Segment Start: SOURCE DATA
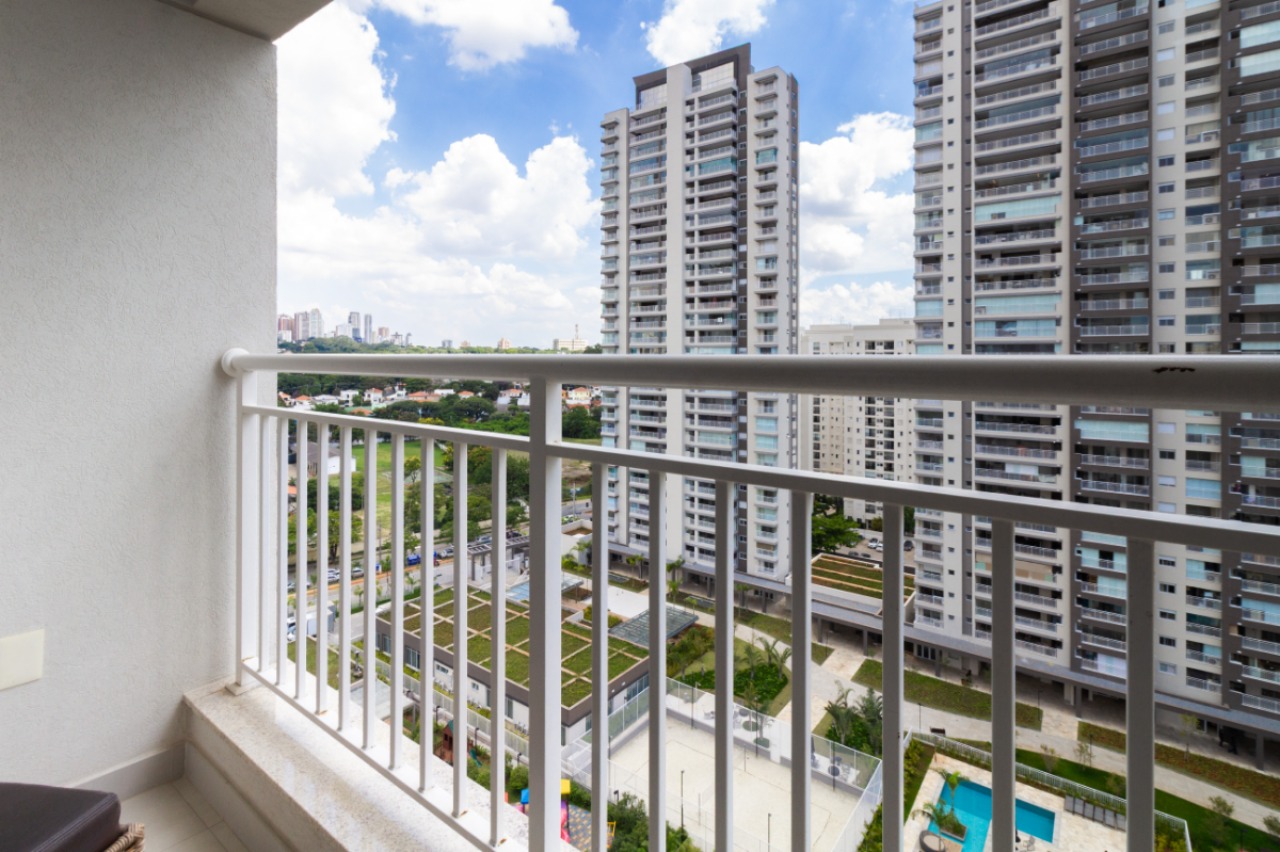 Apartamento, 2 quartos, 134 m² - Foto 21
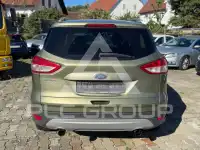 2014 Ford Kuga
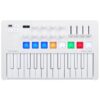 Midi Controller Arturia MiniLab 3 Alpine White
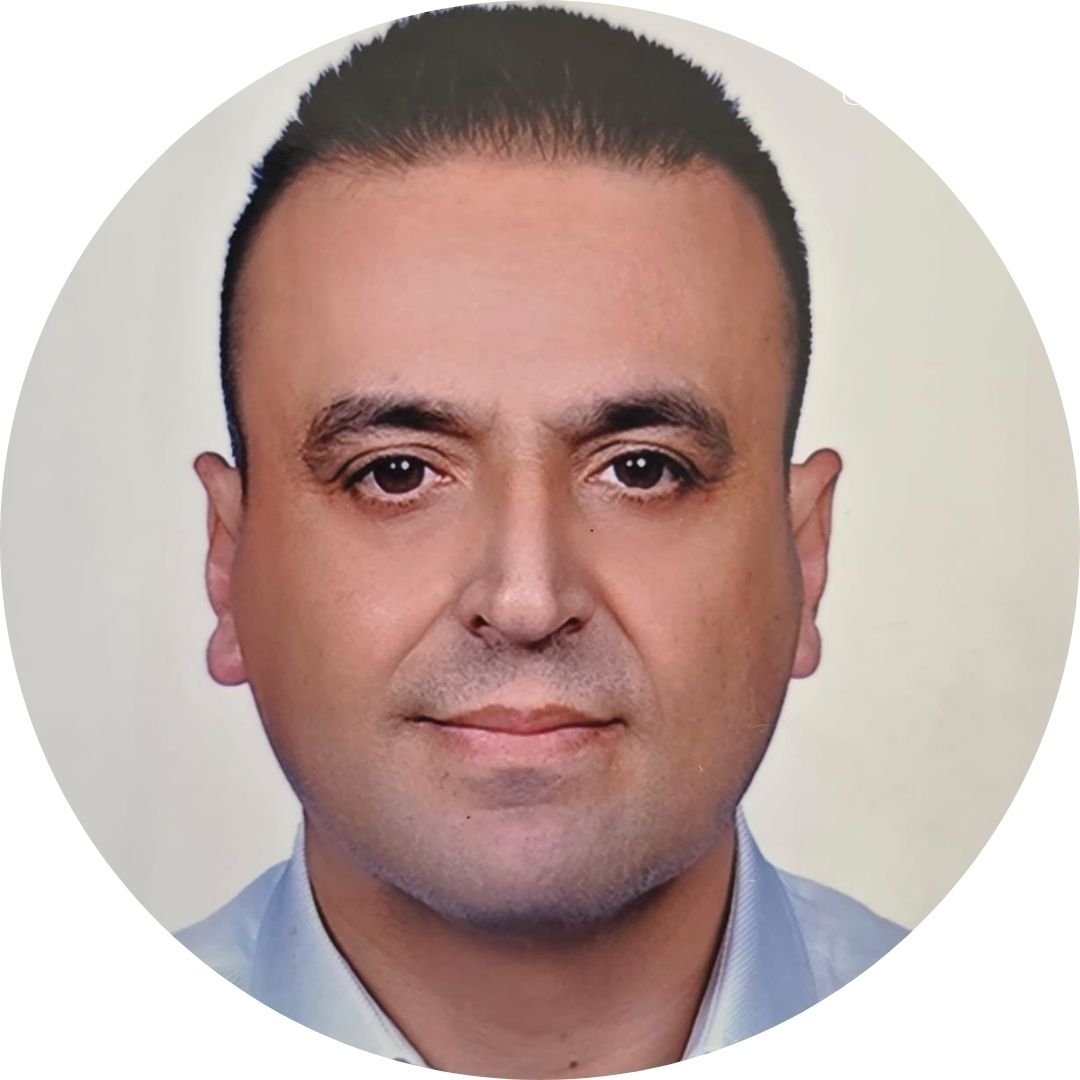 Doç. Dr. Cihan DÖĞER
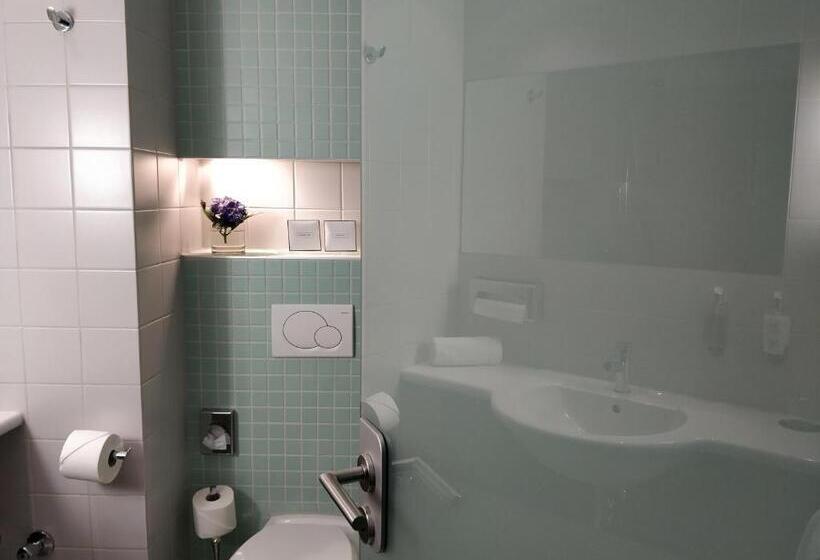 호텔 An Der Stadtmauer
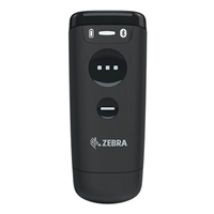 Companion CS6080 Handheld Barcode Scanner - Wireless Connectivity - Midnight Black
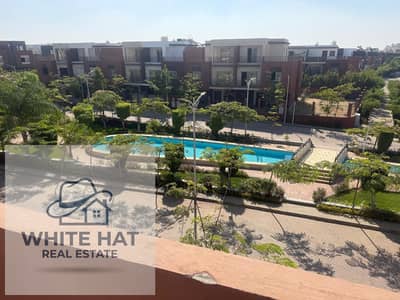 Townhouse for Rent in Continental Residence – Sheikh Zayed | First Occupancy | Ultra Lux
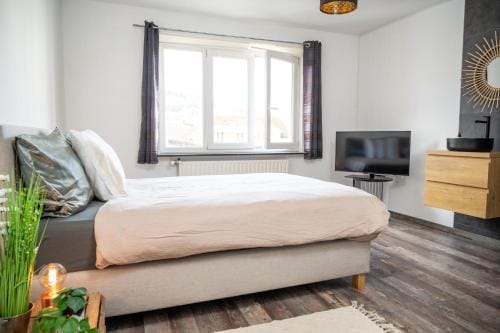 la boheme malmedy Hotel in Wallonia, Belgium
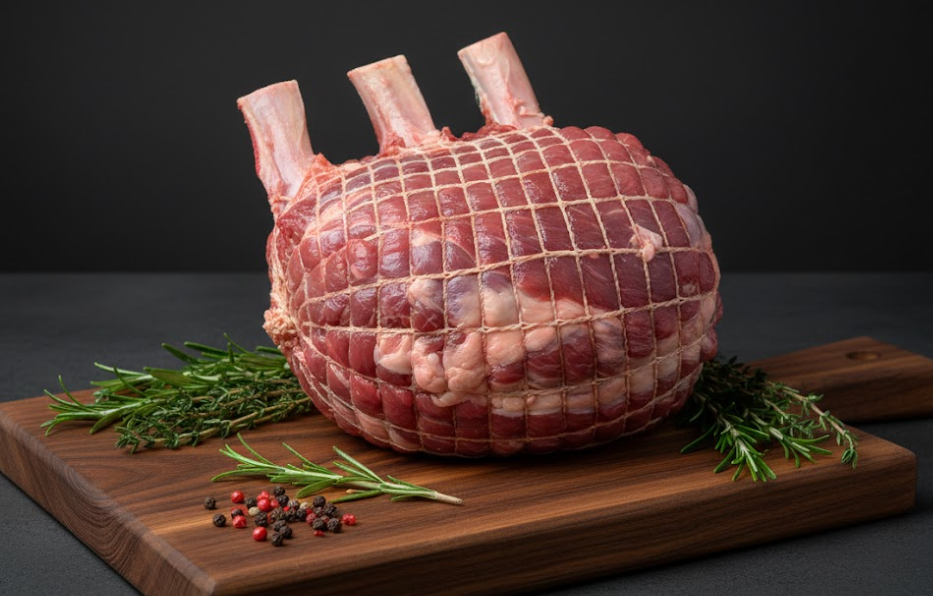 ROAST DE COSTILLA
Segment End: SOURCE DATA
With no pictures included, write out the entries exactly.

** SOLUTION FOR THIS EXERCISE **
 Apartamento, 2 quartos, 134 m² - Foto 21
 2014 Ford Kuga
 Midi Controller Arturia MiniLab 3 Alpine White
 Doç. Dr. Cihan DÖĞER
 호텔 An Der Stadtmauer
 Companion CS6080 Handheld Barcode Scanner - Wireless Connectivity - Midnight Black
 Townhouse for Rent in Continental Residence – Sheikh Zayed | First Occupancy | Ultra Lux
 la boheme malmedy Hotel in Wallonia, Belgium
 ROAST DE COSTILLA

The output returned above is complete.